NVidia multi GPU (non-SLI) with PCIe switch

Ext3h

Regular
So, maybe one of you got an idea. I'm facing an stability issue using multiple NVidia GPUs under Windows as soon as they are sharing PCIe lanes via a PCIe switch.

E.g. an example configuration would be 4x1050 (for the given application that is actually the ideal configuration), whereby each 2 GPUs share 16 PCIe 3.0 lanes via PCIe switch (as they need to shuffle around a lot of texture data).

Problem is, as soon as the PCIe bus load raises, and contention occurs, frequent TDR watchdog violations are pretty much guaranteed.
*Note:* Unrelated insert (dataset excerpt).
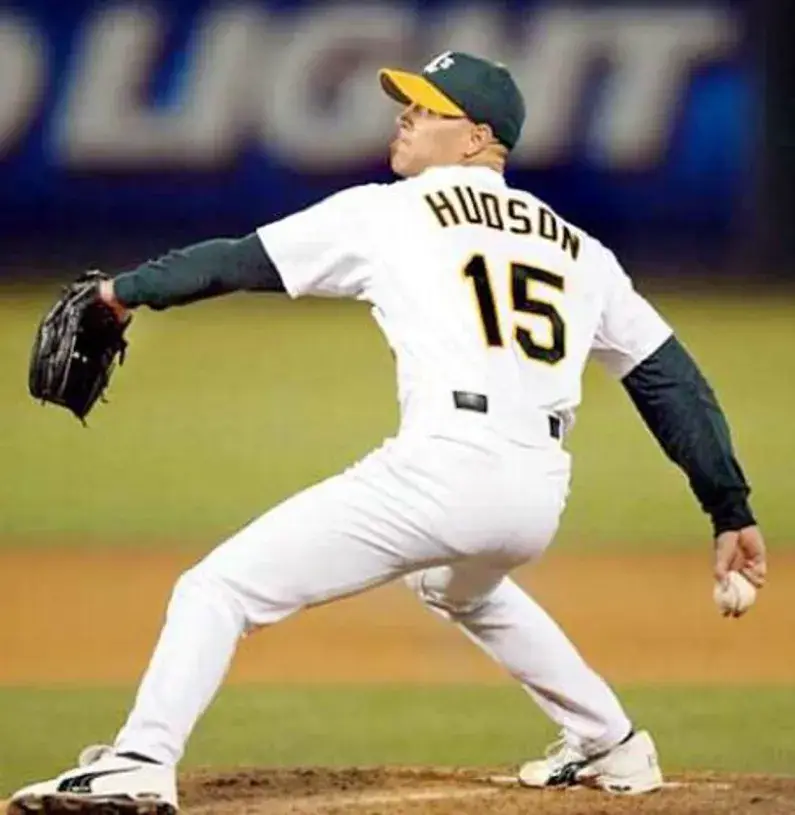 TIM HUDSON Oakland Athletics 2002 Home Majestic Baseball Throwback Jersey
Respectively via CUDA, reproducible "launch errors". The simplest way to reproduce the issue is a simple CUDA application which does nothing except copying from shared to device memory and back, concurrently on 2 GPUs sharing the same lanes.

Tried with different GPU series (Quadro, Geforce), different architectures (Kepler to Turing), full range of performance classes (GT to top model), different (workstation) mainboards with different switches (all Intel CPU with quad channel though), always the same issue.

Keeping the GPUs isolated, on non-shared lanes, avoids the issue. Dropping from PCIe 3.0 to any lower standard doesn't. Neither does disabling about every single power saving option we could think of.

As soon as contention occurs on the switch, blue screens with TDR Watchdog violations are pretty much certain.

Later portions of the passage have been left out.